- Source material:
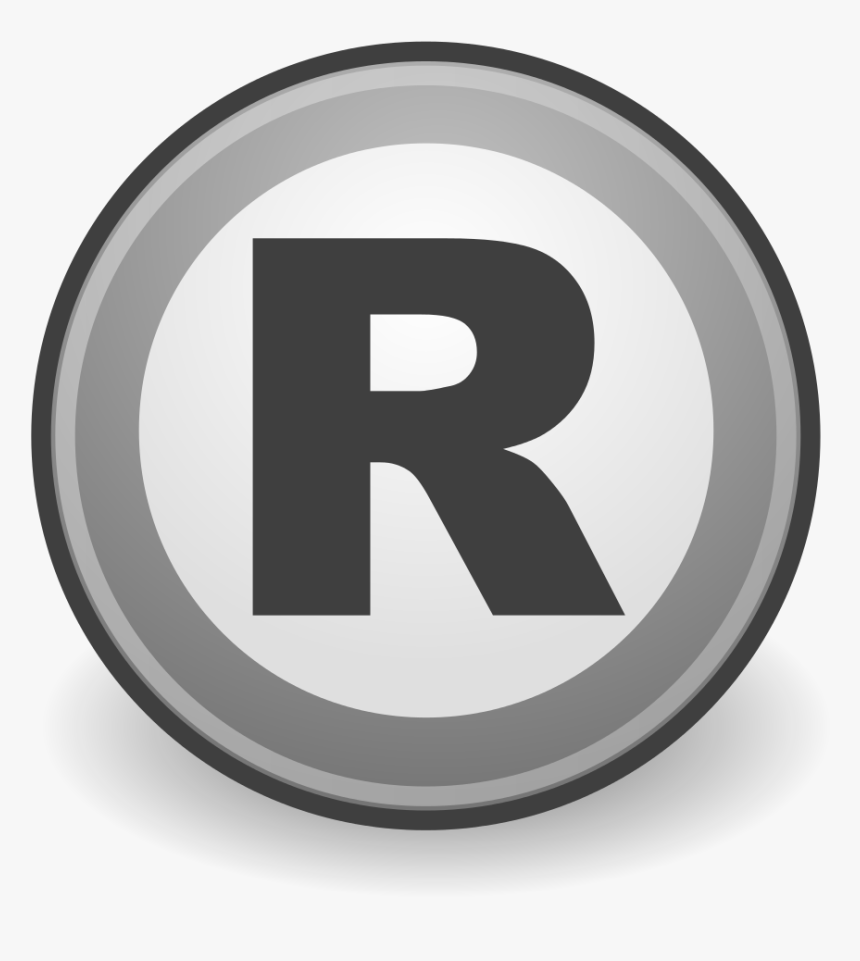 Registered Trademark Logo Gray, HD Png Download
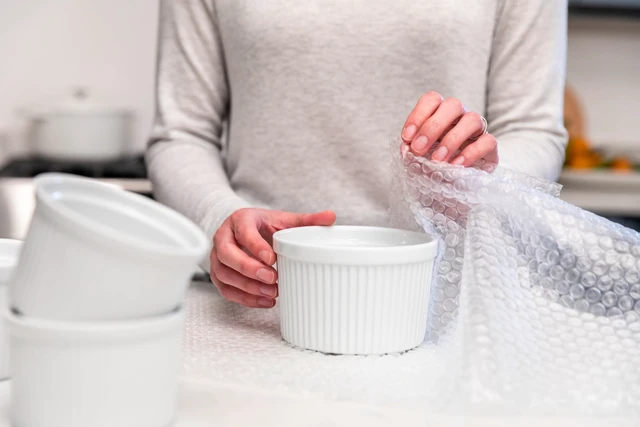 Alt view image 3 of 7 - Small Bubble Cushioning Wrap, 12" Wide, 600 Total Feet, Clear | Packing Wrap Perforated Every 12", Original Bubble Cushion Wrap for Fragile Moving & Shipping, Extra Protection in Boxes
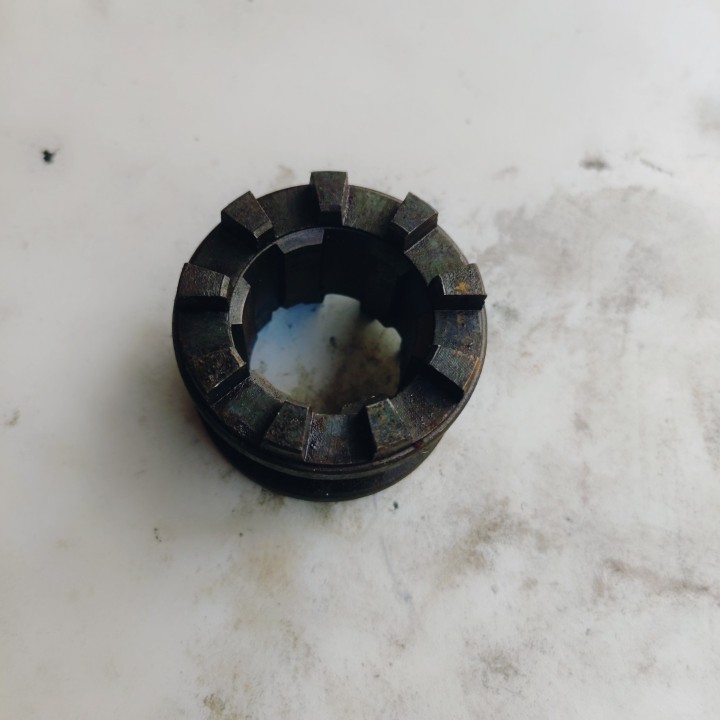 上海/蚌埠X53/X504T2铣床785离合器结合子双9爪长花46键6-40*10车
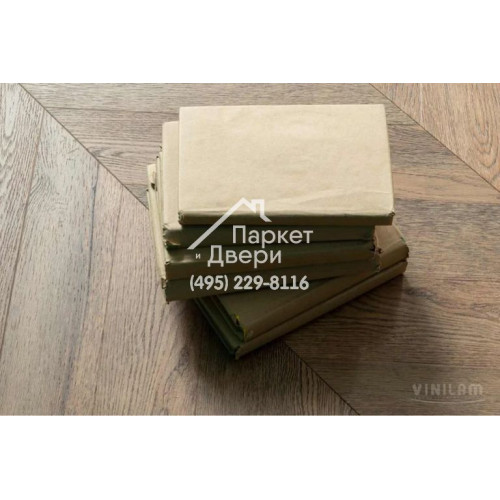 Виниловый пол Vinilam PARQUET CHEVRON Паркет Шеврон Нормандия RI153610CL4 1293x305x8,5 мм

- Problem to solve:
Everything from the line with "Alt view image" through the last line of the listing above is to be copied exactly, both ends included, except the pictures.

- Task answer:
 Alt view image 3 of 7 - Small Bubble Cushioning Wrap, 12" Wide, 600 Total Feet, Clear | Packing Wrap Perforated Every 12", Original Bubble Cushion Wrap for Fragile Moving & Shipping, Extra Protection in Boxes
 上海/蚌埠X53/X504T2铣床785离合器结合子双9爪长花46键6-40*10车
 Виниловый пол Vinilam PARQUET CHEVRON Паркет Шеврон Нормандия RI153610CL4 1293x305x8,5 мм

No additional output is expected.